Caprica: Know Thy EnemyMarch 6, 2010
False pretenses, and dire consequences for heedless, reckless, passionate actions abound in the latest installment of Caprica. Spoilers abound, too, so don’t click the link if you don’t want them.
This episode opened with a brief recap and introduction of the main characters and the story so far, perhaps in hope of reaching out to new viewers? Regardless, after almost two minutes of catch up, we’re onto the biggest new development since the pilot: a new character, and new set of problems for Daniel Graystone.
In the first episode, Daniel had Joe Adama arrange to have the MCP chip stolen because he needed it to bring back his dead daughter. The theft led directly to the murder of two associates of Tomas Vergis, which has left two children without fathers, and, at last, we get to meet Vergis and see how he responds. He takes his time, but in the final scene he lays it out: “my dream,” he tells Daniel, “is to tear up your dream.”
Vergis’s embrace of the Tauron culture of vengeance is total. He is moving a new world, changing his citizenship, and offering to spend lavish sums, all to hurt Daniel. Tomas will do this “until the debt is paid.” Rarely has a fictional nemesis more plainly announced itself.
(I suspect that Vergis will, sooner or later, succeed in wresting the C-Bucs from Daniel, and then proceed to ruin them.)

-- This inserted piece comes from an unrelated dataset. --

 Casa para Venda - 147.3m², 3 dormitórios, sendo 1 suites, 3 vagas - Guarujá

Meanwhile, Sister Clarice inveigles her way into the Graystone home with a gift of books that she tells Amanda were Zoe’s (they weren’t.) Her sole motive in doing so is to steal a copy of Zoe’s avatar program from Daniel’s workshop. She feels no compassion for a grieving mother, or loyalty to her dead protégé. She wants the program to offer a tangible afterlife to non-believers, a way of recruiting people en masse to her faith… by, effectively, removing the need for the new believer actually to have faith. Evil means in pursuit of an unworthy goal? Small wonder she has relapsed into her opium addiction.
Lacy continues to be the only character acting from pure motives: driven by her guilt for not dying with her friend, she attempts to carry out that friend’s last wish by getting Avatar!Zoe to Gemenon. This week, she meets face to face with Barnabas, the STO cell-leader who actually organized the Mag Lev bombing (and, thus, Zoe’s murder.)

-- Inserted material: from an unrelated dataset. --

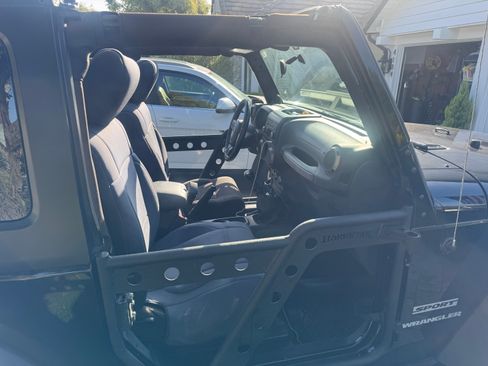 Used 2012 Jeep Wrangler Sport w/ Connectivity Group AWD/4WD image 8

Barnabas responds to Lacy’s appeal with an apt question: “What gets unleashed when this thing gets to Gemenon?” Then, after he’s turned her down, he chides Keon (who made the actual bomb that murdered Zoe) that “God doesn’t want us keeping secrets.” Barnabas is the only character I can recall over the course of the entire series thus far who has balked at doing something because he’s not sure of the consequences… and he’s a fanatical mass-murderer.

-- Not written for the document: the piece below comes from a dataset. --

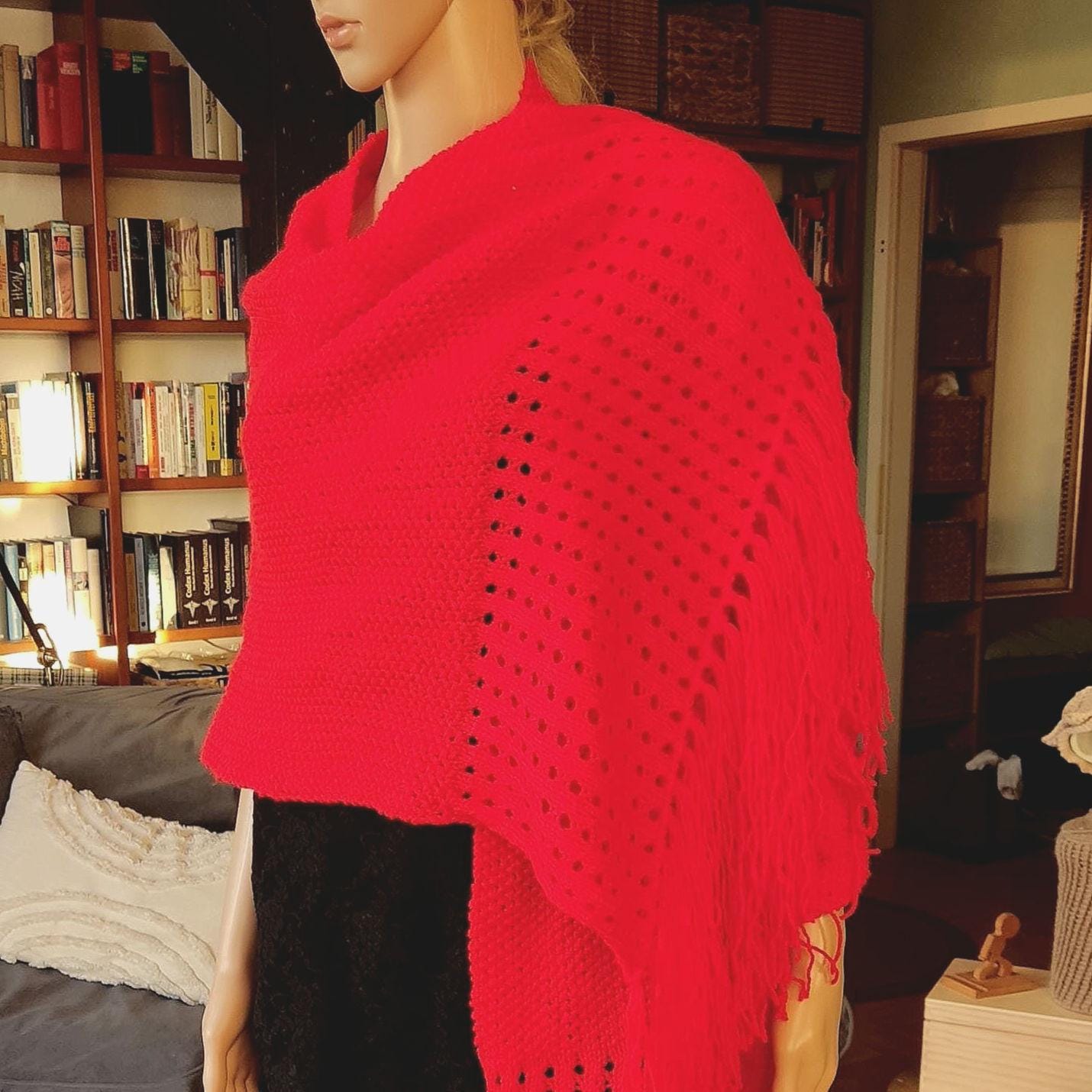 Langer, gestrickter Schal mit Fransen, einzigartiges, modisches Boho-Rot, kuschelig weich, übergroßer Schal, Roter Strick-Franzen-Schal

It’s a sad contrast to the other characters driving the plot this week. Tomas Vergis is a dreamer, an inventor, and a tremendously successful businessman. He’s clearly someone who not only can imagine a better world, he has the experience and resources to make it happen. Yet, he chooses to dedicate his life to ruining Daniel’s. It’s fascinating that Tomas doesn’t do anything as straightforward as kill Daniel (or his wife, as Joe Adama considered), or to publicly expose Graystone’s guilt. Instead, he effectively transforms himself from an autonomous human being into a foil, from a character into an obstacle. Note, I don’t say this a criticism of the writers or of the show, but as an indictment of a fictional person making a terrible choice.
Tomas isn’t alone, though. Sister Clarice and Lacy are both hard at work with no real idea of what they will accomplish, but they’re willing to do what they must to make it happen. (It’s an interesting parallel to the New Cap City ‘game’ of last week’s episode, in that no one really knows what the point of the game is, or how to keep score.)
Even Avatar!Zoe, who feuded with her father because she was disgusted by the immoral fictional worlds her father’s invention made possible, lies about her identity, and about why she looks like she does, during her date with Philomon. How ironic that he compliments her by saying that namesake at least had principles. Those principles, of course, are what put her led her to stand next to a suicide bomber when he detonated.
Wild Guess of the week: at some point, if the show goes on long enough, we’ll find discover some crucial secret behind the fire that destroyed Zoe’s beloved childhood home when she was five.